Simulations suggest that in 2022 nearly 850,000 Ghanaians were pushed into poverty due to rising prices and the loss in purchasing power.
“In the longer term, to mitigate the impact of inflation on food security, policymakers must enable farmers to adjust to global demand and take advantage of market opportunities” said Ashwini Sebastian, Senior Agricultural Economist, and co-author “This is particularly relevant since many of the poor are farming households. Policies should therefore be evidence based and aimed at alleviating the different constraints farmers face.”
Medium-to-long term policy actions may include the channeling of investments in agriculture research and technology transfers to help increase productivity and reduce production costs, as well as improve the quality and safety of food.

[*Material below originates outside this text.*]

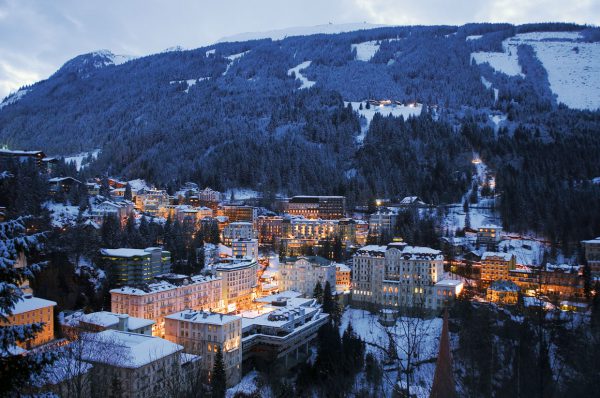 Zimowy obraz miasta Salzburgland, Austria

Additionally, on climate change, it is essential that the government invests in climate smart agriculture initiatives which can help farmers adapt to changing weather patterns. Promoting a sustainable agriculture, resilient to climate change, can help farmers withstand future shocks.
In addition to supporting higher domestic food production, policies need to target opening the country to more effective integration with global food supply chains.
Programmes may seek to foster regional and global trade to improve the availability and affordability of food by reducing barriers to trade, promoting regional integration, and increasing market transparency. Also, policies that seek to reduce market distortions such as subsidies, taxes, and price controls can improve market efficiency and reduce food waste.